Vor mehr als 4 Jahren habe ich, damals Vorsitzender eines Fördervereins Diakonie in Hersfeld (ehrenamtlich), an unheimlich vielen Stellen dieses Thema angesprochen.
Im eigenen Vorstand, mit der Diakoniestation unter Vorsitz eines Pfarrers, mit dem Diakonischen Werk in Kassel-dort waren wir auch Mitglied-, bei den Bundestags Abgeordneten der großen Parteien SPD/CDU, usw. Leider ohne Erfolg und ohne ernsthaftes Interesse. Immer hat man die Eigeninteressen höher gesetzt.
 
Bis heute bin ich der Meinung, dass die Diakoniestationen und eine entsprechende Regelung in einem Vertragsverhältnis diese Frauen, aus den Osteuropäischen Ländern, gemeinsam zum Einsatz bringen könnten. Bei legaler Abrechnung.

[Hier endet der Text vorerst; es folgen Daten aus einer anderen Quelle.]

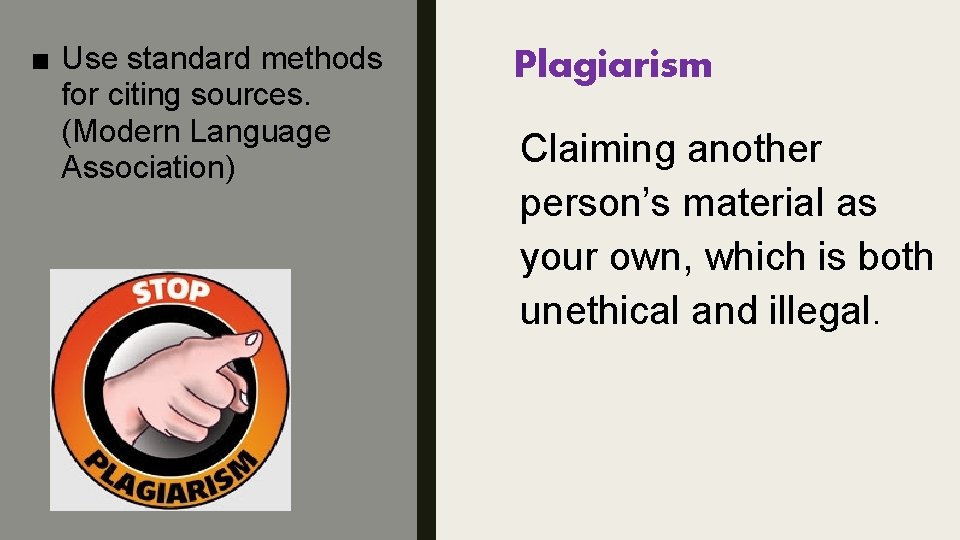 ■ Use standard methods for citing sources. (Modern Language Association) Plagiarism Claiming another person’s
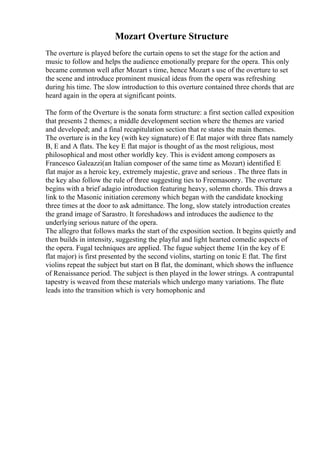 Mozart Overture Structure
The overture is played before the curtain opens to set the stage for the action and
music to follow and helps the audience emotionally prepare for the opera. This only
became common well after Mozart s time, hence Mozart s use of the overture to set
the scene and introduce prominent musical ideas from the opera was refreshing
during his time. The slow introduction to this overture contained three chords that are
heard again in the opera at significant points.
The form of the Overture is the sonata form structure: a first section called exposition
that presents 2 themes; a middle development section where the themes are varied
and developed; and a final recapitulation section that re states the main themes.
The overture is in the key (with key signature) of E flat major with three flats namely
B, E and A flats. The key E flat major is thought of as the most religious, most
philosophical and most other worldly key. This is evident among composers as
Francesco Galeazzi(an Italian composer of the same time as Mozart) identified E
flat major as a heroic key, extremely majestic, grave and serious . The three flats in
the key also follow the rule of three suggesting ties to Freemasonry. The overture
begins with a brief adagio introduction featuring heavy, solemn chords. This draws a
link to the Masonic initiation ceremony which began with the candidate knocking
three times at the door to ask admittance. The long, slow stately introduction creates
the grand image of Sarastro. It foreshadows and introduces the audience to the
underlying serious nature of the opera.
The allegro that follows marks the start of the exposition section. It begins quietly and
then builds in intensity, suggesting the playful and light hearted comedic aspects of
the opera. Fugal techniques are applied. The fugue subject theme 1(in the key of E
flat major) is first presented by the second violins, starting on tonic E flat. The first
violins repeat the subject but start on B flat, the dominant, which shows the influence
of Renaissance period. The subject is then played in the lower strings. A contrapuntal
tapestry is weaved from these materials which undergo many variations. The flute
leads into the transition which is very homophonic and
 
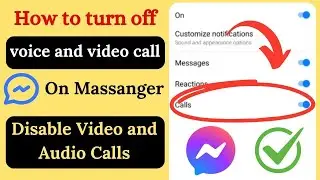 How to Mute Voice and Video Calls on Messenger | Disable Facebook Messenger Calls Easily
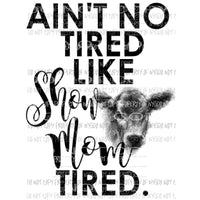 Show mom tired cow 1 Sublimation transfer Heat Transfer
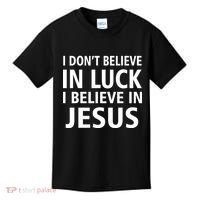 I Don't Believe In Luck, I Believe In Jesus Kids T-Shirt thumb 0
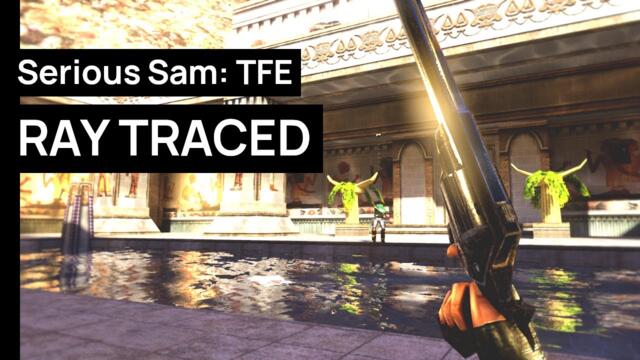 Serious Sam TFE: RAY TRACED - Release Trailer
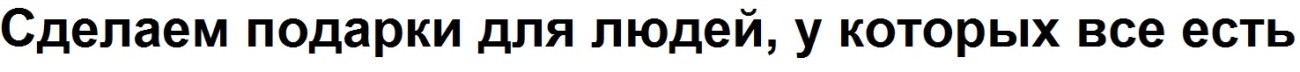 сделаем подарки для людей, у которіх все есть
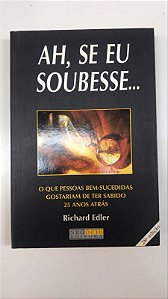 Livro Ah, Se Eu Soubesse... o que Pessoas Bem-sucedidas Gostariam de Ter Sabido 25 Anos Atrás Autor Edler, Richard (2000) [usado]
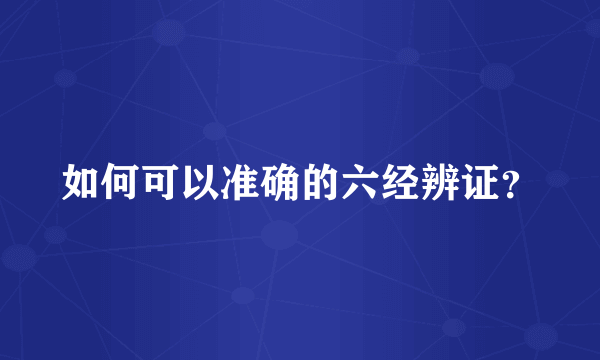 如何可以准确的六经辨证？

Z:B: Eine Osteuropäische Frau wird unter Vertrag genommen und die Diakoniestation übernimmt die Betreuung (morgens/abends); Die
Frau hat in dem Umfeld des zu Betreuenden ein Zimmer welches die Diakoniestation anmietet. Dann wird ein Einsatzplan erstellt und immer hat die Diakoniestation die Übersicht und kann gleichzeitig für Pausen für die Arbeitskraft aus Osteuropa sorgen. Auch durch Ergänzung mit Essen auf Rädern usw. –alles wäre zu bezahlen und Menschenwürdig. _Da fängt die Frage an: Ist die Diakonie, ist die Politik, ist die Kirche an Menschenwürdigen Lösungen, die bezahlbar bleiben müssen, überhaupt interessiert? –Leider hatte ich den Eindruck- nein.   

 
Auf die zukünftige Entwicklung unserer demografischen Entwicklung müssen wir als Kirche und Diakonie eine legale Regelung finden. Es geht immer um die Menschen-die aus Osteuropäischen, die die Alt sind und das in einem Kostenrahmen der von allen zu leisten ist.
Wenn dieser Bericht die Anregung für eine solche Entwicklung war, dann gratuliere ich Ihnen und gleichzeitig habe ich eine Hoffnung.